▶ THE TASK: Would you copy only the lines below, from the one containing "Serene backyard with" through the very last one, leaving the pictures out?

▶ PROVIDED MATERIAL:
Segment Open

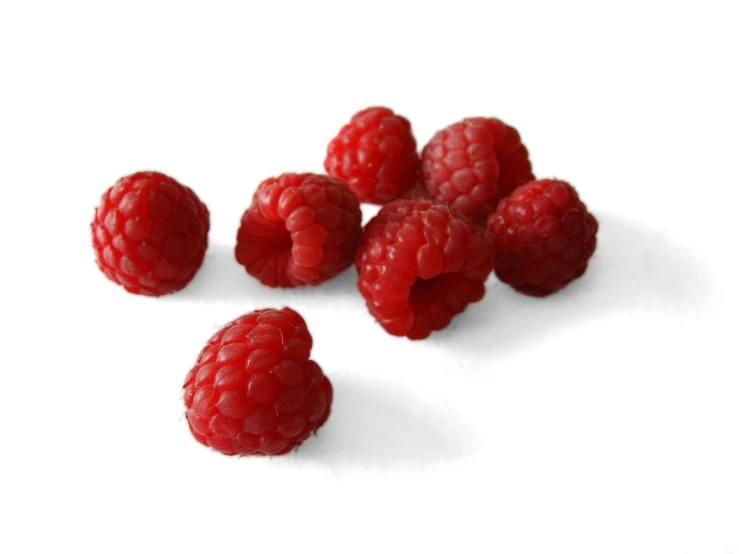 raspberries on white background laying on the floor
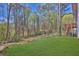 Serene backyard with mature trees, green lawn, and back of home at 3618 Mansfield Ln, Snellville, GA 30039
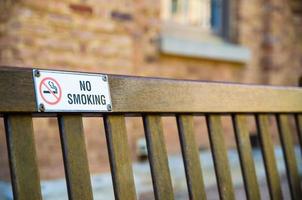 aucun signe de fumer attaché sur le banc de parc en bois. photo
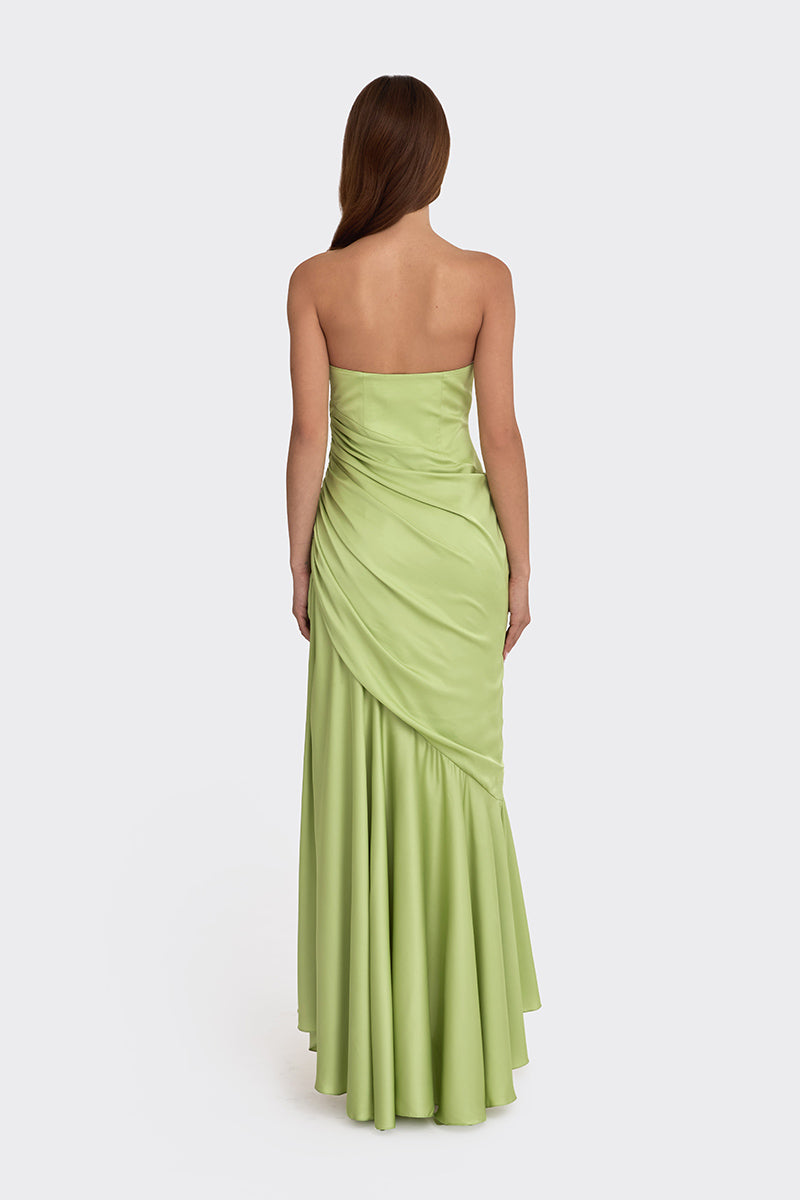 Green corset-draped maxi dress by Stolen Stores, featuring a fitted bodice and flowing skirt.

Segment Closed

▶ ANSWER TO THIS EXERCISE:
 Serene backyard with mature trees, green lawn, and back of home at 3618 Mansfield Ln, Snellville, GA 30039
 aucun signe de fumer attaché sur le banc de parc en bois. photo
 Green corset-draped maxi dress by Stolen Stores, featuring a fitted bodice and flowing skirt.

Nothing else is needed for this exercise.